Each entry below should be output exactly, apart from its images.

Information provided
____________

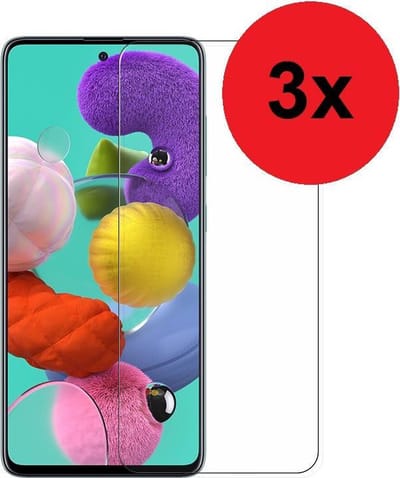Geschikt voor Samsung Galaxy A51/ A51s Screenprotector - A51/ A51s Screen Protector 3x Bescherm Glas
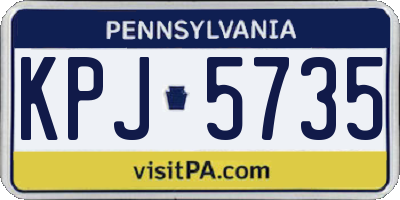 PA license plate KPJ5735
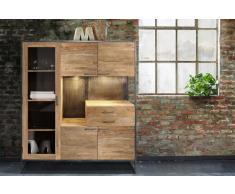 Highboard Akazienholz stonefarben massiv Hochschrank mit Licht Moskau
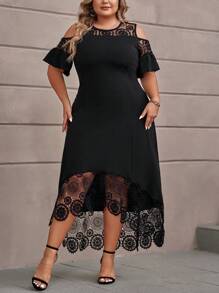 SHEIN Clasi Plus Contrast Lace Cold Shoulder Scallop Trim Dress - Black - View 4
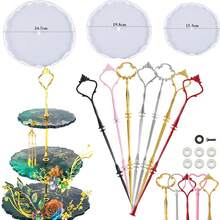 3 层树脂模具，坚固的树脂模具架，厚环氧树脂多层 DIY 托盘模具，树脂硅胶铸造模具，带皇冠金属支架，用于制作服务器托盘 - 彩色 - 查看 2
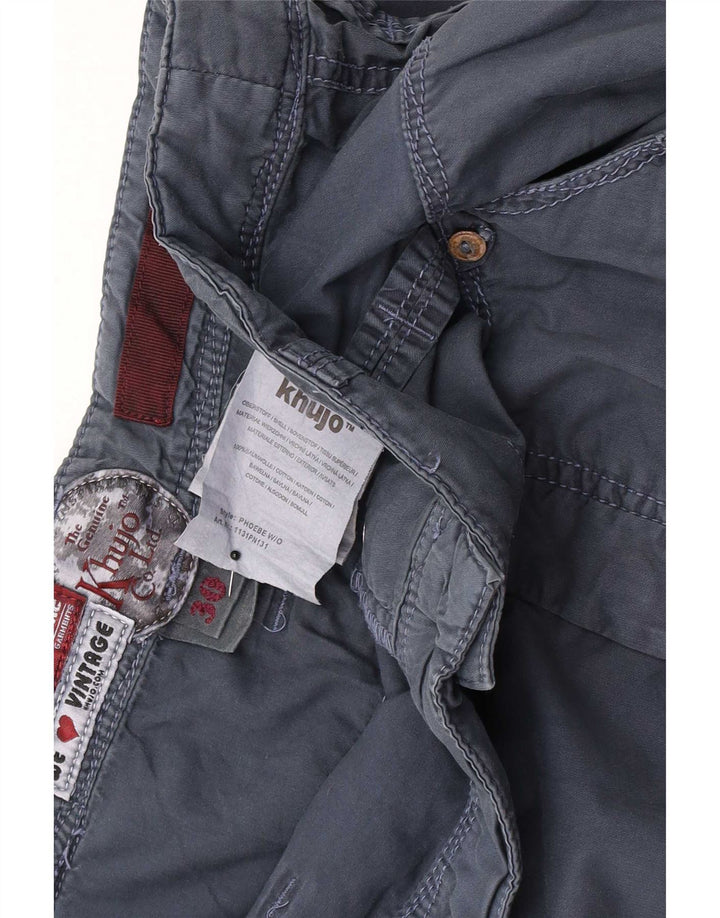 Pantaloni harem pentru femei KHUJO L30 L29 bumbac bleumarin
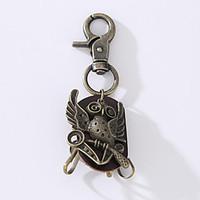 The New Punk Man\'s Vintage Cowhide Alloy Key Ring Is Decorated With a Ring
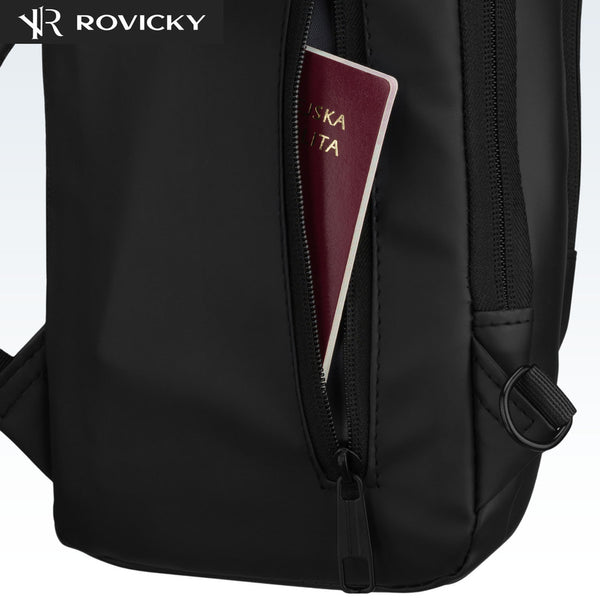 Ietilpīga vīriešu plecu soma "Rovicky" ar USB savienotāju, melna, no eko ādas ST84
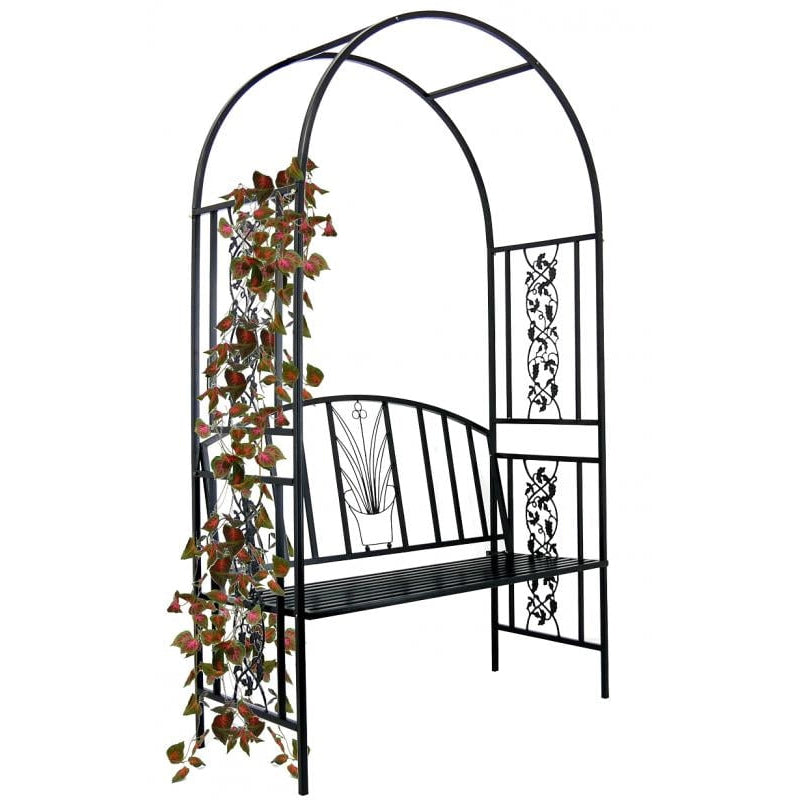 Pergola pentru gradina cu banca, structura metalica solida, 122x58x203 cm, negru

____________

Exercise solution
Geschikt voor Samsung Galaxy A51/ A51s Screenprotector - A51/ A51s Screen Protector 3x Bescherm Glas
 PA license plate KPJ5735
 Highboard Akazienholz stonefarben massiv Hochschrank mit Licht Moskau
 SHEIN Clasi Plus Contrast Lace Cold Shoulder Scallop Trim Dress - Black - View 4
 3 层树脂模具，坚固的树脂模具架，厚环氧树脂多层 DIY 托盘模具，树脂硅胶铸造模具，带皇冠金属支架，用于制作服务器托盘 - 彩色 - 查看 2
 Pantaloni harem pentru femei KHUJO L30 L29 bumbac bleumarin
 The New Punk Man\'s Vintage Cowhide Alloy Key Ring Is Decorated With a Ring
 Ietilpīga vīriešu plecu soma "Rovicky" ar USB savienotāju, melna, no eko ādas ST84
 Pergola pentru gradina cu banca, structura metalica solida, 122x58x203 cm, negru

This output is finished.